Whistle !! Whistle !!

This complete stranger immediately jumps up, whistling for the bus driver to stop, this was our stop! We had to transfer busses!! Our driver politely slams on the brakes and jams on the horn to alert the other bus.  He's then quickly on his cell phone contacting the other driver to wait for these 2 Gringo's to get on the right bus. Praise God for this Tico who decided to switch seats on the bus, and start a conversation with us. 

Adrenaline pumping, after sprinting our 30lb. packs down the road and apologizing gratefully we're bouncing up and down on this other coach bus for about an hour to Playa Hermosa. The roads are bumpy, not paved, and low-and-behold, "POP!", the bus pops a tire. The driver stops for a bit, a passenger gets off to assess the damage, and within a few minutes, we're moving again, flat tire and all. 
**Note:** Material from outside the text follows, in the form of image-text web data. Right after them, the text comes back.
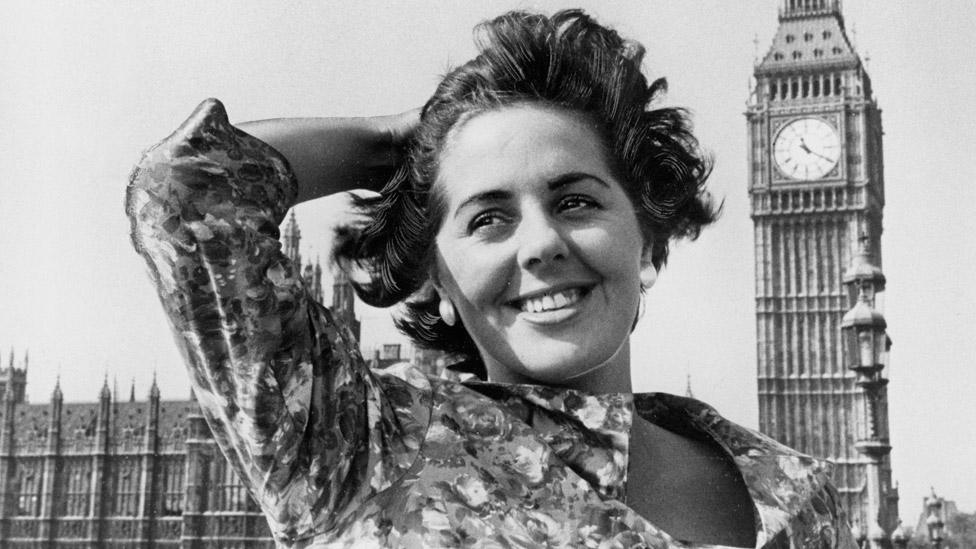 Betty Boothroyd outside the Houses of Parliament in 1959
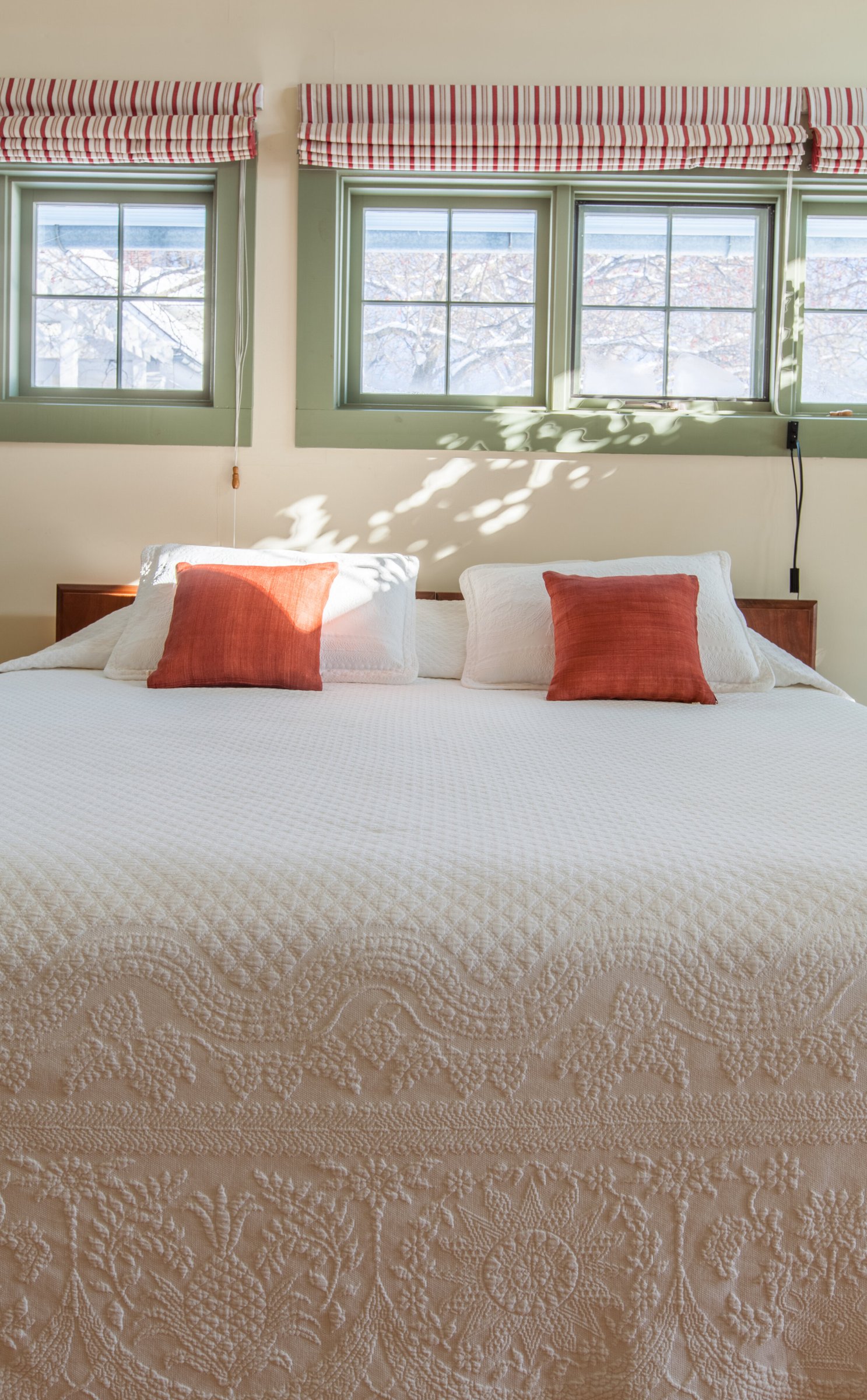 Sunlight falling across the bed's white quilt and orange accent pillows in the guest house bedroom.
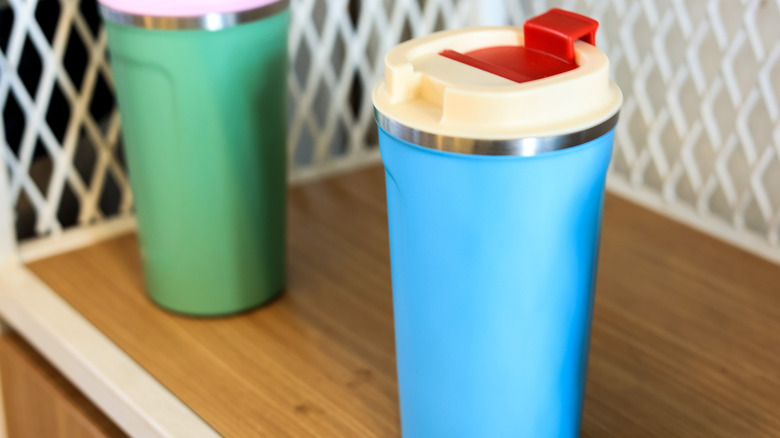 Two colorful reusable coffee tumblers on a metal wire shelf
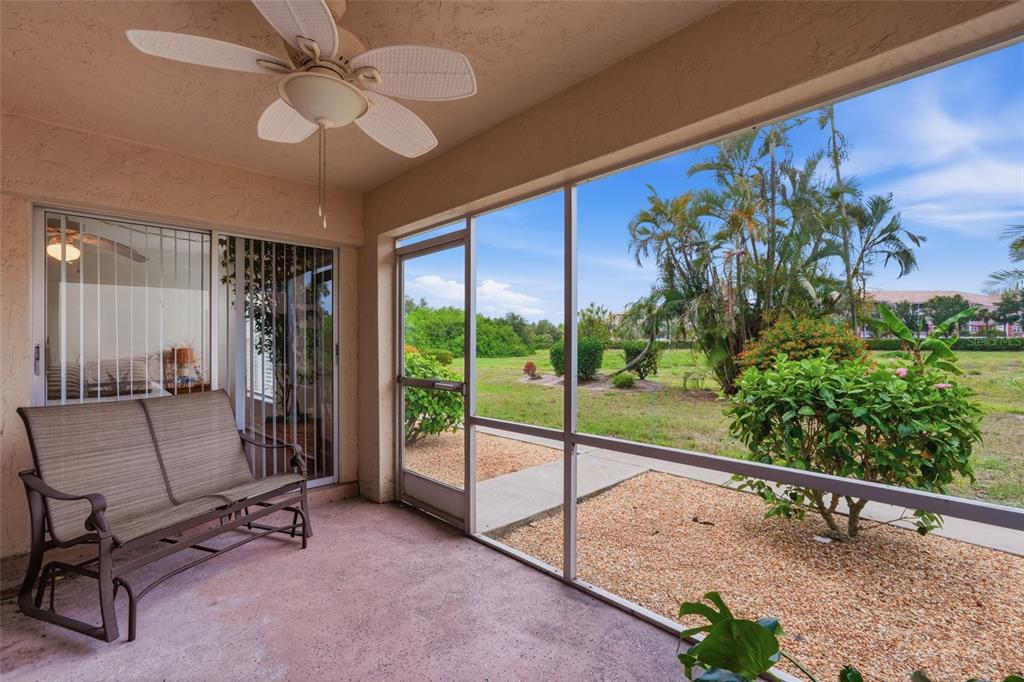 A screened-in patio features a ceiling fan, a metal bench, and a view of landscaping — 16211 DUBLIN CIRCLE UNIT 104, FORT MYERS, FL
Finally, we make it to Playa Hermosa, and the driver drops us off right outside Condovac, the timeshare we stayed at for a week. Arriving at the gate to check in, we had to walk up a ridiculously steep hill in the pitch black with our heavy packs. The man at the gate gave us directions in Spanish, but of course we mis-understood, and walked the opposite direction up another ridiculously steep hill. But we made it!! We checked into room 218 at midnight, and we finally rested from our 30+ hour day(s) of travel. You never realize how nice a shower can be sometimes.